On The Set Design: “Doctor Who: The Girl in the Fireplace”


My boyfriend introduced me to this little cult classic of a tv show called “Doctor Who” about a year ago. You may have heard of it. A time lord in a spaceship that looks like an old police box travels through space and time with a female companion to save the universe over and over again. It is a very well written show, and as the seasons go on, I think it keeps getting better and better. The following episide I am writing about today is a personal favorite. The plot is genius, and heartfelt, and the set is accuratly late 17th century.

The “Girl” staring into the broken clock on the fireplace.

This episode is in the second series (well, the latest second series) where David Tennant plays “The Doctor”, and he is accompanied by “Rose” played by Billie Piper, and her boyfriend Micky.

This particular episode sticks with me mainly because of the sweet, heart-wrenching plot, ( the episode was nominated for a Nebula Award[3] and won the 2007 Hugo Award for Best Dramatic Presentation, Short Form) , and the story line’s accuracy to the real events surrounding the incredible Madame De Pompadour’s life.

The real Madame De Pompadour

Here’s a synapsis of the storyline: The T.A.R.D.I.S., (the Doctor’s Spaceship) arrives in a seemingly abandoned space station floating in outerspace. The travelers curiously find an 18th century French fireplace on board. Looking through the fireplace, the Doctor sees a young girl. He asks who she is, and she replies that her name is Reinette, and that she lives in Paris in the year 1727 (a young Madame de Pompadour). The fireplace turns out to be a “time window”, allowing direct access Reinette’s bedroom. The Doctor discovers that each time he passes through the fireplace, months have passed here, rather than mere seconds in the Doctor’s time on the spaceship.

Reignette’s gorgeous 18th century bedroom. Note the multi colored paneled walls, candle lit sconces, rich fabrics and large bed. Fit for a King’s mistress.

Doctor discovers a ticking humanoid wearing eighteenth century clothing and a jester’s mask hiding under Reinette’s bed. The Doctor tricks the robot back to the spacecraft, where he and his companions learn that it is actually an android made of intricate clockwork. Returning to Reinette’s bedroom, the Doctor finds that much time has passed, and she is now a young woman, and the King’s Mistress, and well known socialite.

The androids trying to take Reignette’s brain.

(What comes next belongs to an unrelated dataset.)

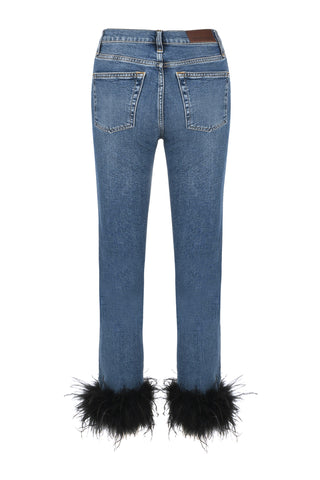 Feather-trimmed Slim Fit Jean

Notice the beautiful costumes, jewelery and hair styles.

Returning to the ship, the Doctor and his companions find several additional time windows at various locations throughout the ship, each leading to a different moment from the life of Reignette. The Doctor comes to find out that the clockwork creature was on the spaceship while it was damaged in a storm. They are maintenance androids, and did not have the parts necessary to repair the ship, and killed the crew to use their organs for parts to fix the ship. They believe one more very important part is required for the ship to be fully functional: Reinette’s brain.

The Doctor finding humor in even a life threatning situation.

The Doctor has discovered that the creatures are trying to open a time window into Reinette’s life when her brain will be compatible with the ship’s system. On an evening when the androids believe that Reignette’s brain is ready, the Doctor sees her through a mirror at a costume ball. The Doctor and his companions can see through it, but cannot pass through without smashing it, thus breaking the connection to the spaceship. The Doctor jumps through anyway, risking no return to the ship to save Reignette.

Smashing the mirror to save Reignette. Computerized, for sure, but look at that fine detailing on the walls.

He stops the robots by telling them they can never return to the spaceship, thus killing their motivation for their mission. The Doctor finds a way back to the ship through Reignette’s old fireplace, and promises her an adventure. Hopping back to the ship quickly to get it ready, he doesn’t realize when he goes back for her, 6 years have passed and Reignette has passed away. The TARDIS vanishes from the spaceship with the companions perplexed as to why the ship wanted the brain of Madame de Pompadour over anyone else’s to complete its repairs. The final camera shot pans out, revieling that the ship’s name is the SS Madame de Pompadour.

Dyffryn Gardens

This episode was filmed at Dyffryn Gardens is a collection of botanical gardens near the village of St Nicholas, set in the grounds of the nineteenth century Dyffryn House on an estate which dates back to 640AD.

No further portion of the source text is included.